■ **The task**
Using the material below, return exactly the lines between the one holding "Cotton-Acetate Blend Straight-Leg Jeans" and the one holding "ZBrush初学者基础核心技能训练视频教程 (图3)", inclusive, and no others.

■ **Supplied records**
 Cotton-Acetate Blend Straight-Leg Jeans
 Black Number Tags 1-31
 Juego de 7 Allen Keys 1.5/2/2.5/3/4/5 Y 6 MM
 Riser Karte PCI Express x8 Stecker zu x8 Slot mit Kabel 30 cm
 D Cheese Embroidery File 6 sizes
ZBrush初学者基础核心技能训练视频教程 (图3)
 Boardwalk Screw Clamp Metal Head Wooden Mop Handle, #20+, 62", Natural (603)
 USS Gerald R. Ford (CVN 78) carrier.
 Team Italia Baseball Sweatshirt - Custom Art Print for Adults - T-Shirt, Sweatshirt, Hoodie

---

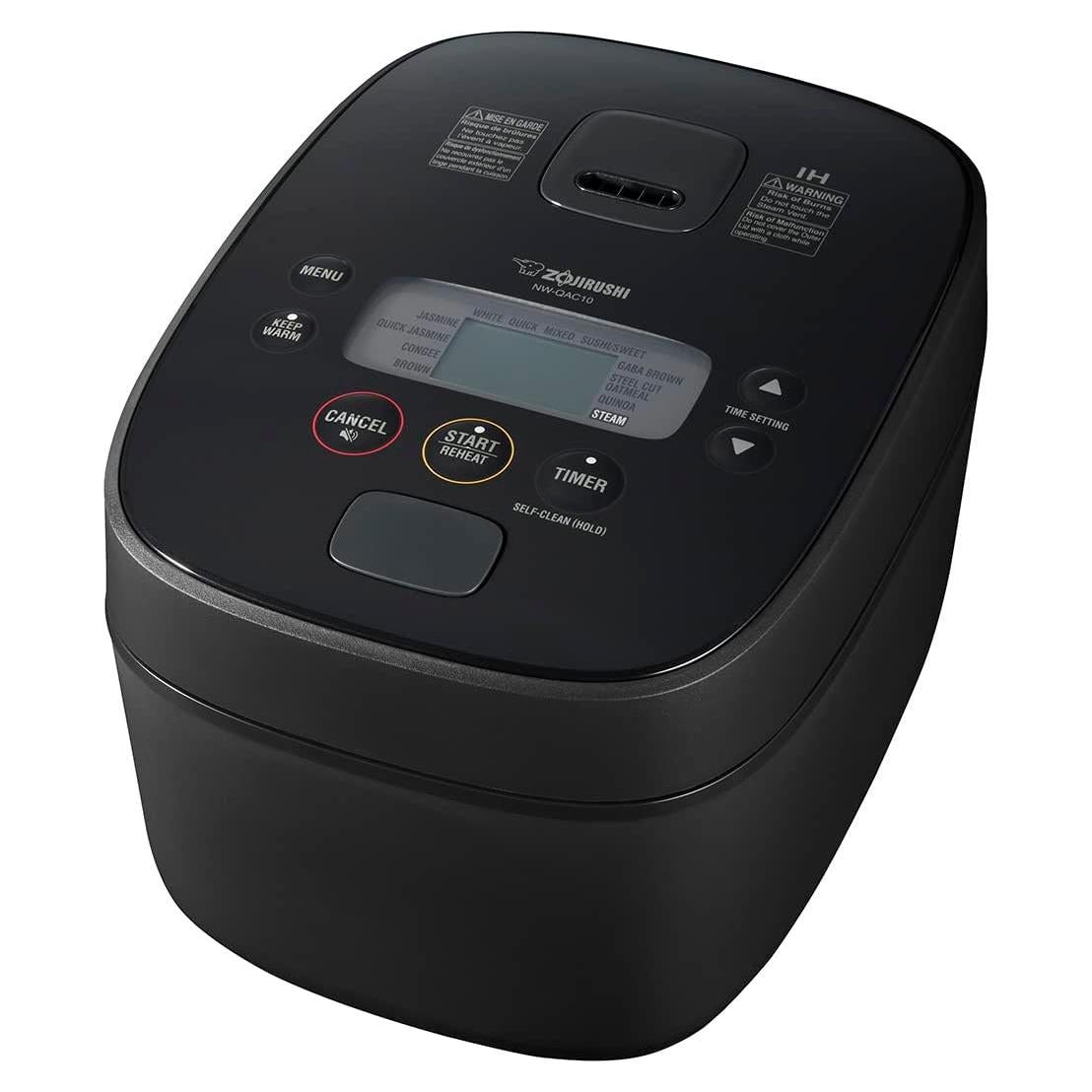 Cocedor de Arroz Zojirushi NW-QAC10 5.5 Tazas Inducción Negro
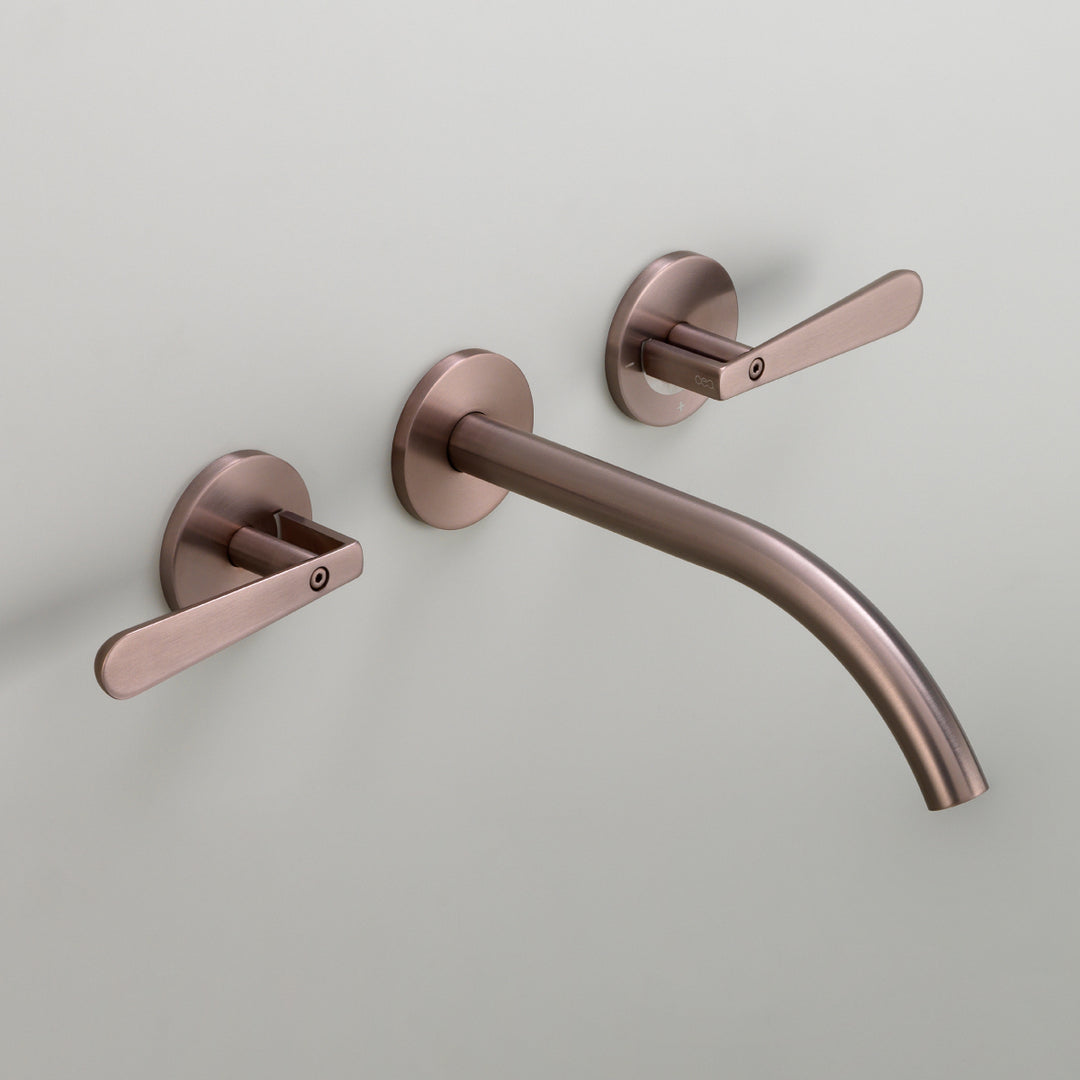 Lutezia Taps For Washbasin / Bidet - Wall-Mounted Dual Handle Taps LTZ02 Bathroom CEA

■ **Output for this task**
 Cotton-Acetate Blend Straight-Leg Jeans
 Black Number Tags 1-31
 Juego de 7 Allen Keys 1.5/2/2.5/3/4/5 Y 6 MM
 Riser Karte PCI Express x8 Stecker zu x8 Slot mit Kabel 30 cm
 D Cheese Embroidery File 6 sizes
ZBrush初学者基础核心技能训练视频教程 (图3)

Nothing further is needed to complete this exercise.